Kulihat jam, malam baru saja melewati puncaknya. Istriku hanya terus menangis sampai sepuluh menit kemudian. Saat tangisnya reda, di antara air mata yang terkadang masih terus menitik, ia menceritakan penyebab ia menangis.
“Kamu mengingatkanku pada ayah di akhir hidupnya.”
Kedua alisku terangkat. Ia lalu menjelaskan: barusan – saat aku sedang nyenyak-nyenyaknya tidur – tidak seperti biasa, mulutku sedikit menganga dan mengeluarkan bunyi mendengkur. Tidak hanya itu, mataku setengah terbuka.
Pembaca yang budiman, tanpa perlu Anda komentari, aku tahu bahwa itu adalah sebuah pemandangan yang sama sekali tidak menyenangkan untuk dilihat. Aku pun tak sudi membayangkan diriku ada dalam posisi seperti itu. Tapi memang itulah yang terjadi. Dan itulah yang membuat istriku menangis tersedu: sebab, katanya, tampilan itu mengingatkannya pada saat ayahnya sedang sakaratul maut, dua bulan lalu.
Mungkin karena ia tak siap kehilangan dua orang sekaligus dalam waktu berdekatan, jadilah ia membangunkanku sambil menangis malam itu.
Seharusnya, menurutku, kejadian itu akan menjadi sebuah kisah angin lalu. Tidak lagi memberikan dampak apa-apa terhadap kehidupan kami berdua. Tapi kenyataan berkata lain. Istriku sepertinya sungguh terbebani dengan bayangan yang menghampirinya. Wajahnya tertetuk sedih. Kubiarkan sehari berlalu dan tak ada perubahan. Juga keesokan harinya.

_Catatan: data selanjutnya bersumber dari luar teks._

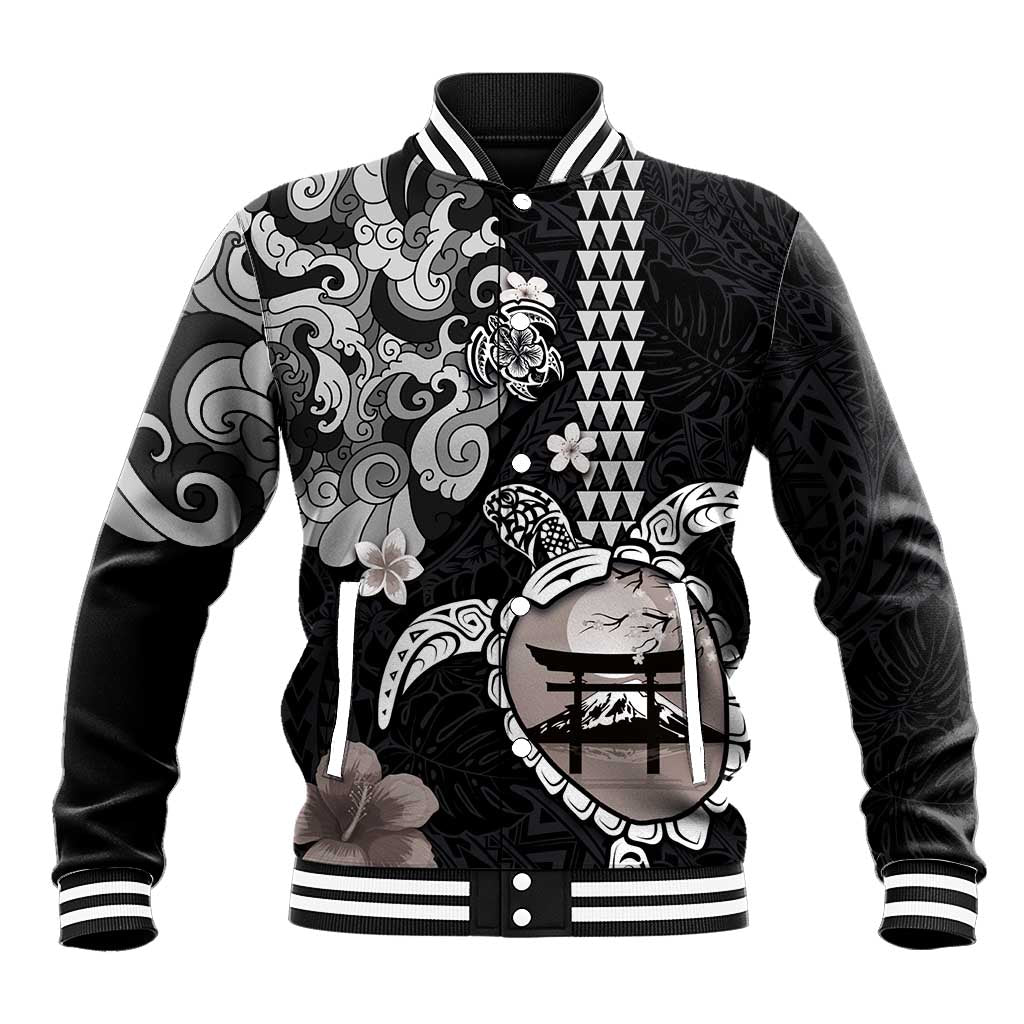 Hawaiian and Japanese Together Baseball Jacket Japanese Culture and Turtle Kakau Tattoo Black Color LT03 Unisex Black - Polynesian Pride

Aku bukan orang yang romantis, tapi melihat istri sendiri bersedih selama tiga hari berturut-turut membuatku gusar juga. Dalam hal seperti ini, kegelisahanku jadi lebih besar. Penyebabnya jelas. Aku tak tahu salahku – dan aku memang tidak salah, bukan? Padahal, di kejadian yang aku tahu di mana kesalahanku saja, belum tentu bisa tahu cara meminta maaf. Apalagi di kejadian yang seperti ini.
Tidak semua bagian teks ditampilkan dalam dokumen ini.